Judge hits out at his colleague over 'foul' language
A JUDGE who is well-known for his outbursts in the courtroom has warned a fellow judge to clean up his act or he will "see" his removal from the district.
Judge John Neilan, who is famed for making controversial remarks, has attacked Judge John Coughlan for using "foul" and "offensive" language in court.
The judge said he would "not tolerate" his colleague making "derogatory comments".
A war of words erupted between the two men this week after Judge Coughlan, a moveable judge, ordered that a case was not under any circumstances to go back to Judge Neilan.
However, Judge Neilan took issue with this, and with the language allegedly used by the judge in Longford District Court, and warned that he would "not accept" his conduct.
Speaking at a sitting of Tullamore District Court in Co Offaly yesterday, he said: "There are no circumstances where I would tolerate Judge Coughlan's comments." He added: "If Judge Coughlan's conduct continues, I will address it through the appropriate format."

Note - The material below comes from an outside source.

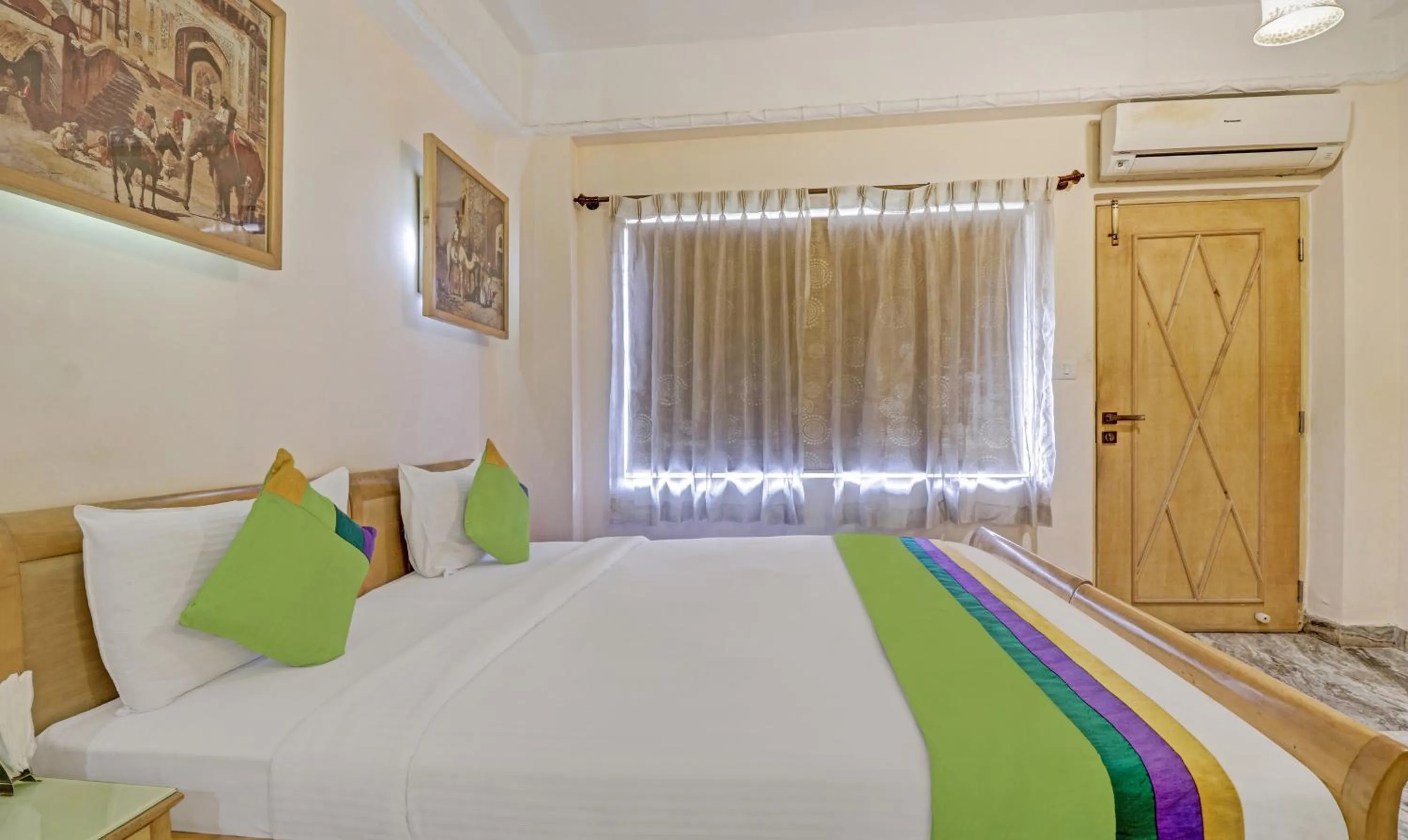 Bedroom, Bed in Treebo Komfort Suites, 3 Km From Mysore Palace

He said that he had never met Judge Coughlan, a moveable judge who does not have a specific district to preside over, "but if I do it will be made clear in no uncertain terms what my views regarding his conduct are". He added: "It is my obligation as judge to consider the facts as presented to the court regarding jurisdiction. One of the factors is, what is the point of view of the Director of Public Prosecutions?"
He accepted that his manner of outlining his displeasure "may come as some surprise", but stated he "could not and will not tolerate a judge, recently appointed, making derogatory comments".
"If he has any courtesy, any problems with my decisions he should deal with them through what is known as the appropriate channels," he said.
"If not," he added, "I will see that he will not be permitted to sit in my District Court area.
"His use of language in the administration of justice is absolutely appalling," he added.
It is not the first time for Judge Coughlan's language to come under the spotlight.
The Supreme Court noted "improper" and "wrong" remarks made by the District Court judge about his defendants in the past. He has also come under fire for the unusually high number of appeals made against his judgments by people he convicted.